**EXERCISE INSTRUCTIONS**
Take the data below and write it out exactly, except for the pictures.

**SOURCE MATERIAL**

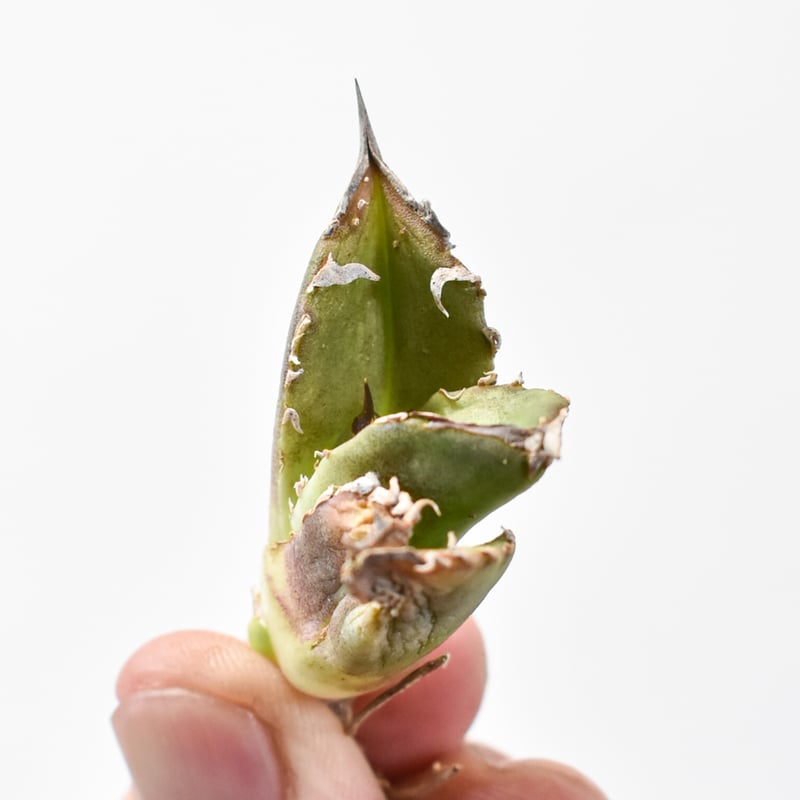 アガベ チタノタ 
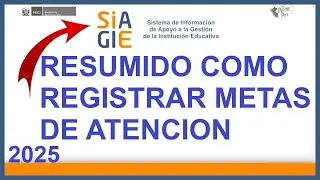 COMO REGISTRAR METAS DE ATENCION 2025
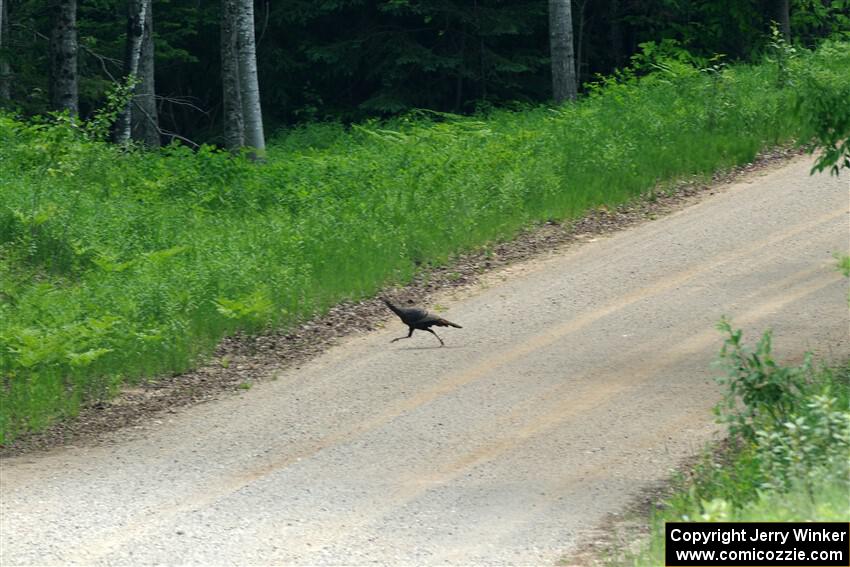 A wild turkey crosses the road again during SS1, Camp 3 North.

**RESPONSE**
 アガベ チタノタ 
 COMO REGISTRAR METAS DE ATENCION 2025
 A wild turkey crosses the road again during SS1, Camp 3 North.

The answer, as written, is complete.